Nevertheless, my dream of following Washington Monthly alumni to greatness and renown persisted. So I asked journalists familiar with the culture of the magazine about the assignment, and they told me that standing against public unions was part of the so-called gospel according to Charles Peters, the magazine’s founder and editor-in-chief. The assistant editors functioned, in a way, as disciples of a religious sect, whose rules, while not necessarily ideological, were rigid all the same. I ultimately withdrew my candidacy for the job; in fact, I lied and said the reason was that I couldn’t accept a salary cut of more than fifty percent from what I was making at the newspaper as a union member. It turned out to be a wise move, as I still had plenty to learn and to describe in the tough, combative, and often violent world of Chicago politics. 

This whole episode came back to me last month, when I read the excellent New York Times exposé by Ben Smith on the dilettantish reporting of Ronan Farrow, gravedigger of Harvey Weinstein and hero of the #MeToo movement. A journalistic prodigy at The New Yorker magazine, Farrow became a star because of a series of scoops, which detailed Weinstein’s sexual assault and intimidation tactics and revealed that the host of the television program Today had allegedly raped, not sexually harassed, a coworker. The young man’s ascent has been accelerated by his family ties—he’s the son of the actress Mia Farrow and the director Woody Allen, who has himself been accused of sexual misconduct within his family (Ronan Farrow has spoken out against Allen)—and by his extensive connections in the beau monde of politics and media. I’ll suggest that those interested read Smith’s devastating report. Admittedly, Smith could be accused of settling a score, because in 2018 the New York Times, which published its own article on Weinstein five days before Farrow’s piece appeared in The New Yorker, had to share the Pulitzer Prize for public service with its magazine rival. Nevertheless, one of Smith’s points, that Farrow hadn’t properly corroborated Lucia Evans’s claim of sexual assault—apparently with the aim of making the case against the predatory producer more damning—indicates a scandalous dereliction of duty.
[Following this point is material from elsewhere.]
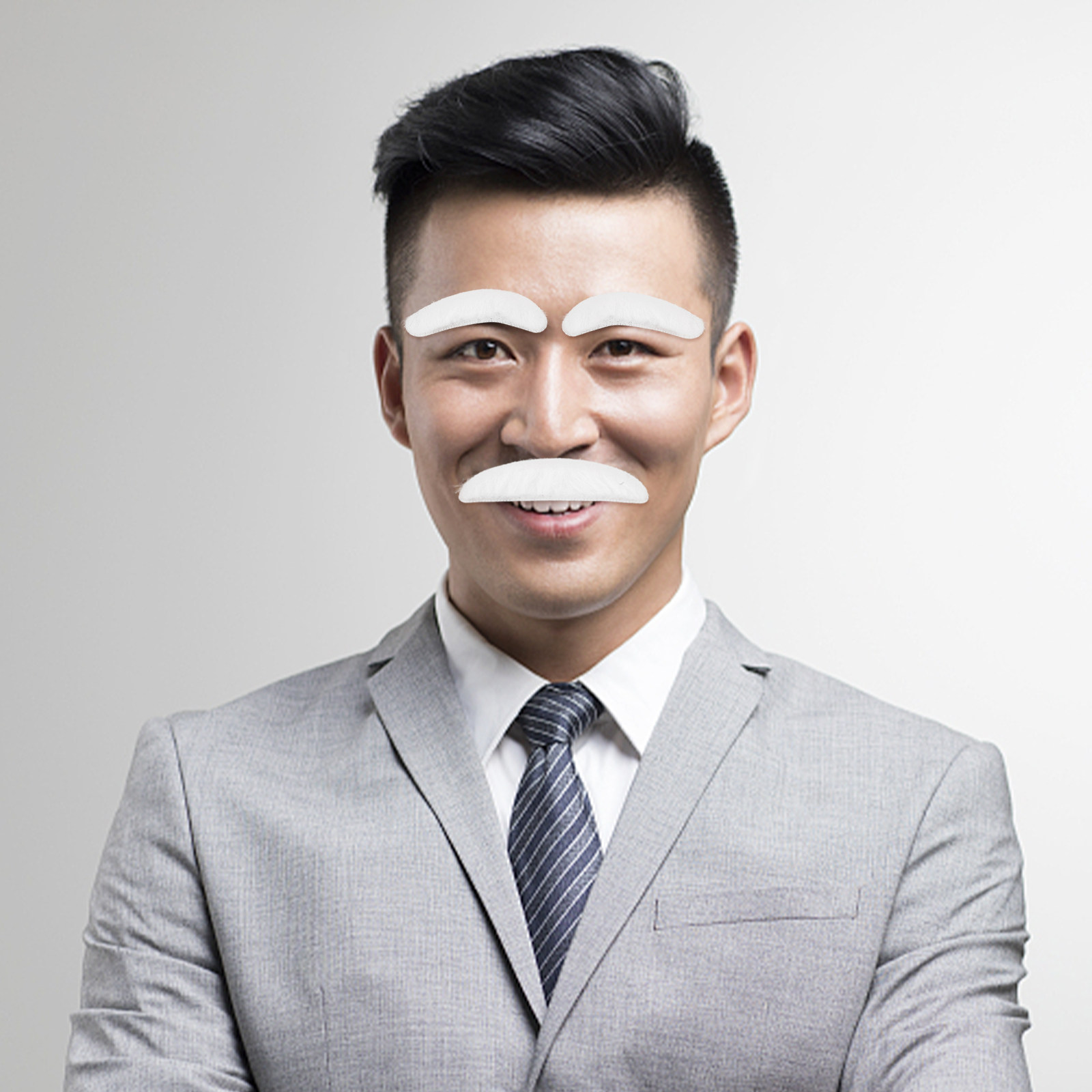 1Set White Fake Beard Eyebrows - Easy Cosplay Prop 评论和价格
Smith shows that such negligence is common in Farrow’s work; exaggeration constitutes a large part of his style and his commercial success. 

I was already disgusted by the excesses of #MeToo and wary of The New Yorker’s reputation (and that of its editor, David Remnick) for indispensable, clear-sighted investigative reporting. My doubts were based on the “liberal” weekly’s shameful support, in 2002 and 2003, of the fraudulent case against Saddam Hussein and of the U.S. invasion of Iraq. After the reports on Weinstein, the #MeToo movement took off like a rocket, and its arc didn’t always bend toward justice. At the height of the frenzy, some men who appear to have been innocent were thrown into the same basket as Weinstein, their careers likewise destroyed. For more information, read work by Katie Roiphe or Lionel Shriver in Harper’s Magazine, or listen to the heated exchange I had with Anna Maria Tremonti on CBC Radio about our publication of an essay by John Hockenberry. 

But here I’m talking mainly about the disgraceful mendacity of Ronan Farrow, a celebrity who jumped the line without doing the apprentice journalistic work that requires more depth than a fixed idea and famous parents. I recognize, however, that this wasn’t entirely his fault: he succeeded in large measure because he adhered to the gospel—you must unhesitatingly “believe women”—of The New Yorker and #MeToo. Which is a bit like the gospel I rejected almost forty years ago in Chicago.